Style Switching
1 Jul. 2008
Smashing mag just wrapped up a contest with a nice article on style switching. This is something I've been thinking about a lot lately as an interesting solution to dealing with sites that contain a massive amount of data. In particular, it seems to me that the problem with such sites is twofold - the most obvious is that you must cram a lot of info into a small space, but the second is that the user must also be especially engaged to wrap their head around such quantities, regardless of the badassness of the design. So I've been thinking about the possibility of style switching as a solution to this.
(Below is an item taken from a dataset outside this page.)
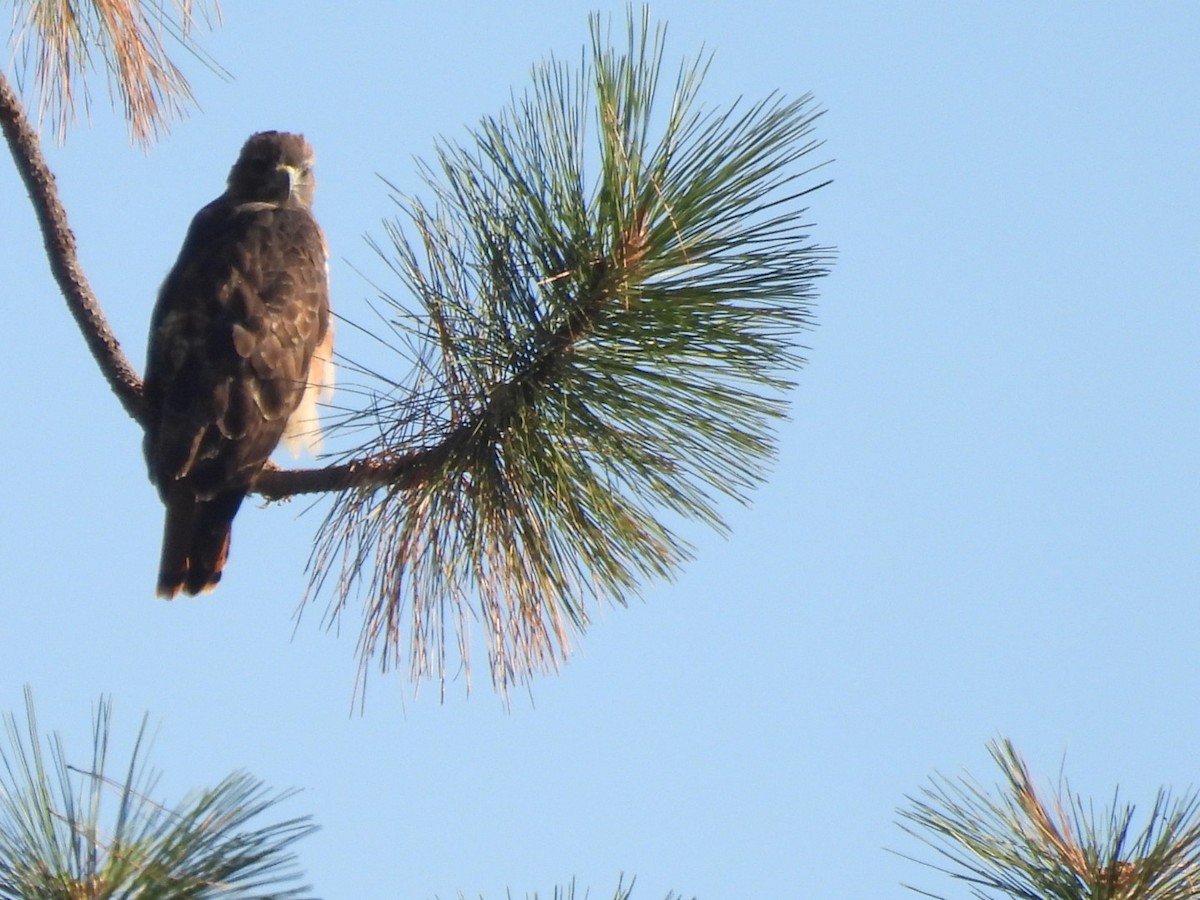 Red-tailed Hawk - ML608974041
In the Smashing mag contest, most of the switchers changed the background of the site they were placed on. But I'm thinking, what about completely changing the layout of the site altogether? In this way, users could choose not just a color scheme that they find pleasing, but an actual structure that is logical and intuitive. Since each user will find something slightly different to be intuitive, the possibilities are endless. Even more so if you allow users to upload their own skin (a bit like the good ol' CSS Zen Garden, but done so that the user's choice of stylesheet sticks with them throughout the entire site) or choose from an entire library of uploaded skins. Skins could even be shared across similar types of site, so, for example, if there was a consortium of libraries involved, they could coordinate their markup and share the skin library so that researchers could get data laid out in the same way from site to site.